I have a data load scenario where I create dynamic sql query to pull data and cache in our service. There is 1 table that contains all product data : ProductHistory (47 columns, 200,000 records + and will keep growing)
What I need: Get the latest products by using the maximum id, maximum version and maximum changeid.
First Attempt:
SELECT distinct Product.* FROM ProductHistory product
WHERE product.version =
(SELECT max(version) from ProductHistory p2 where product.Id = p2.Id
and product.changeId =
(SELECT max(changeid) from ProductHistory p3 where p2.changeId = p3.changeId))
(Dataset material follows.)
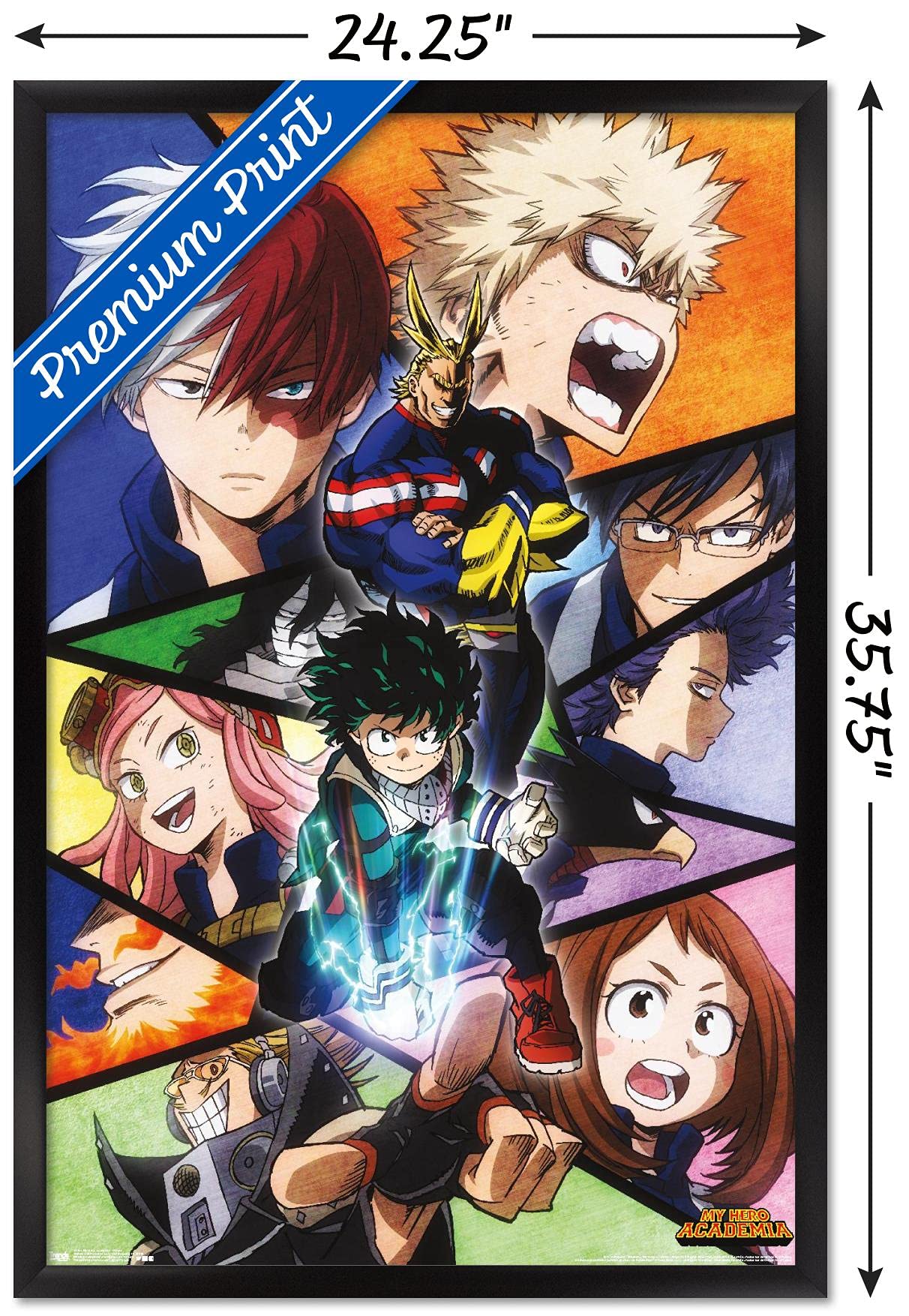 Trends International My Hero Academia-Faces Wall Poster, 22.375'' X 34'', Black Framed Version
This took more than 2.51 minutes.
Other Failed Attempt:
select distinct product.* from ProductHistory product
where CAST(CAST(id as nvarchar)+'0'+CAST(Version as nvarchar)+'0'+CAST(changeid as nvarchar) as decimal) =
(select MAX(CAST(CAST(id as nvarchar)+'0'+CAST(Version as nvarchar)+'0'+CAST(changeid as nvarchar) as decimal)) from ProductHistory p2
where product.Id = p2.Id)
It basically uses the same principle as when you order dates, concatenating the numbers ordered by relevance.
For example 11 Jun 2007 = 20070711
And in our case: Id = 4 , version = 127, changeid = 32 => 40127032
The zeros are there not to mix up the 3 different ids
But this one takes 3.10 minutes !!! :(
So, I basically need a way to make my first attempt query better by any chance. I was also wondering with such amount of data, is this the best speed of retrieval that I should expect ?
I ran sp_helpindex ProductHistory and found out the indexes as below :
PK_ProductHistoryNew - clustered, unique, primary key located on PRIMARY- Id, Version
I wrapped the first query in a SP but still no change.
So, wondering by what other means we can improve the performance of this operation ?
Thanks, Mani p.s : I am just running these queries in SQL management stuido to see the time.